(Data section begins)
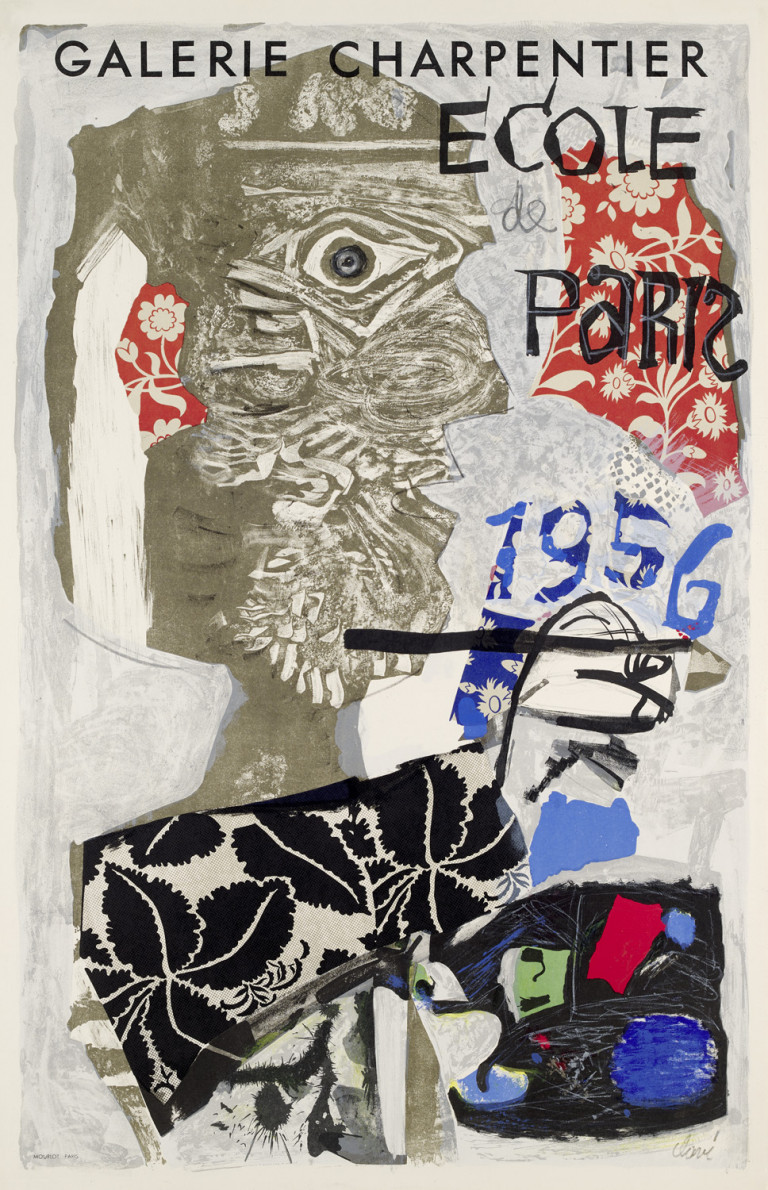 Image:
                        Lot 884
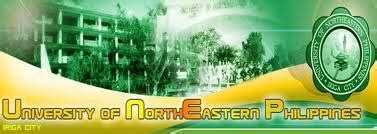 UNIVERSITY OF NORTHEASTERN PHILIPPINES – Philippine Association of ...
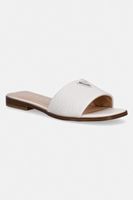 Guess papuci pentru femei RAMLAN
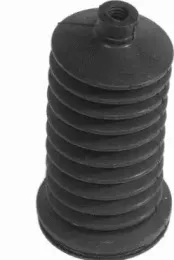 Пыльник, рулевое управление LEMFÖRDER купить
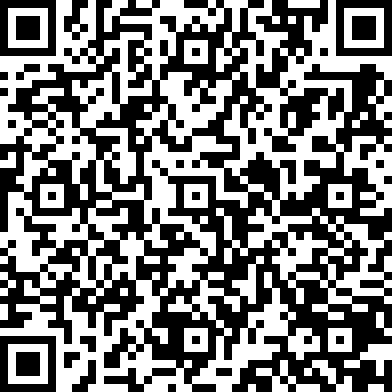 QR-код сторінки події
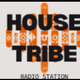 Logo de HOUSE TRIBE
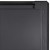 Obudowa Asus PROART PA602 WOOD METAL PWM BLACK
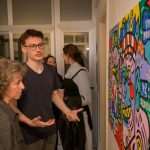 galerija mladih izlozba maturanata luka sokorcevic 30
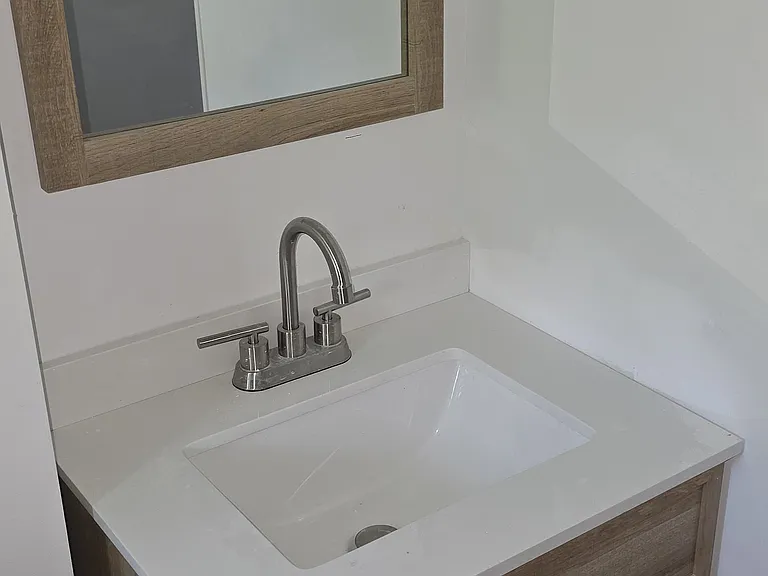 572 River St #2 — Photo 7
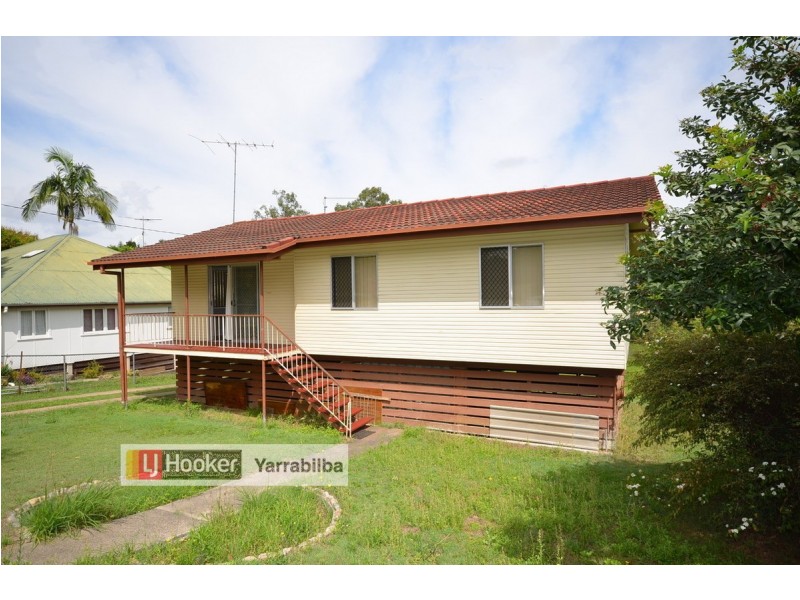 54A Tina Street, Beaudesert QLD 4285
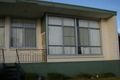 Property photo of 2/29 Second Avenue Moana SA 5169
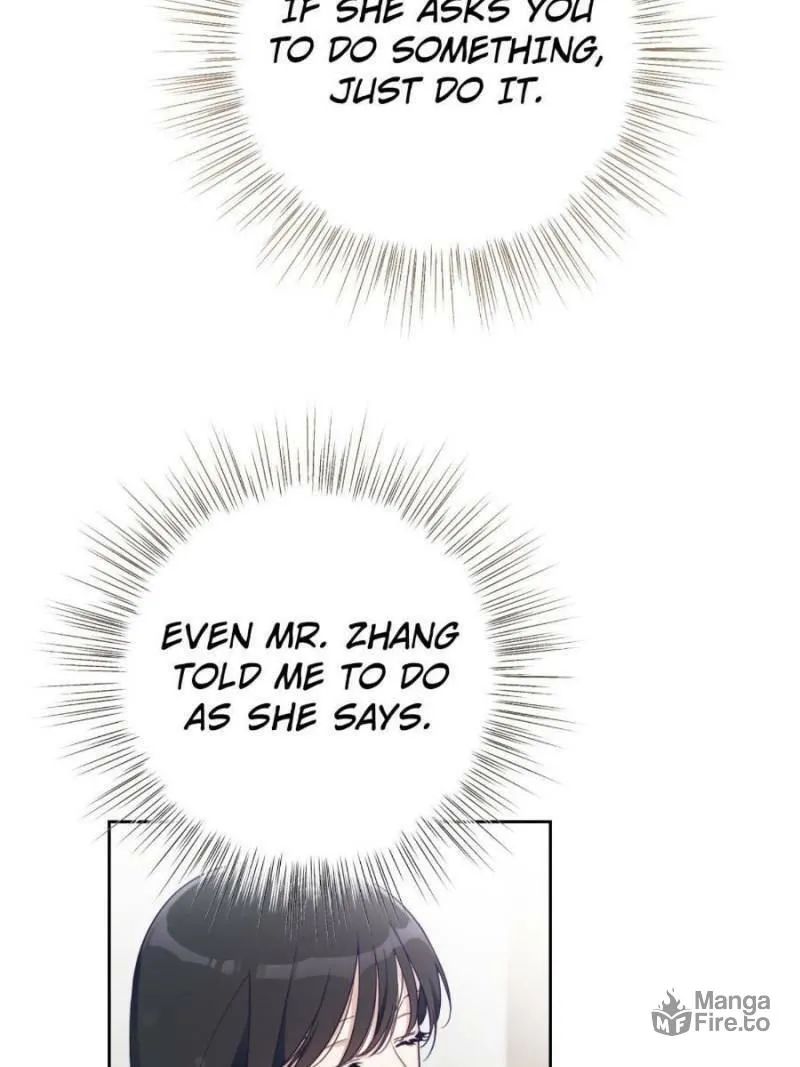 Read The Marvelous Dr. Jiaoniang chapter 39 image 32 on Lezhin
(Data section ends)
Aim of the exercise: Transcribe each line above verbatim, with the pictures left out.

Reply:
 Image:
                        Lot 884
 UNIVERSITY OF NORTHEASTERN PHILIPPINES – Philippine Association of ...
 Guess papuci pentru femei RAMLAN
 Пыльник, рулевое управление LEMFÖRDER купить
 QR-код сторінки події
 Logo de HOUSE TRIBE
 Obudowa Asus PROART PA602 WOOD METAL PWM BLACK
 galerija mladih izlozba maturanata luka sokorcevic 30
 572 River St #2 — Photo 7
 54A Tina Street, Beaudesert QLD 4285
 Property photo of 2/29 Second Avenue Moana SA 5169
 Read The Marvelous Dr. Jiaoniang chapter 39 image 32 on Lezhin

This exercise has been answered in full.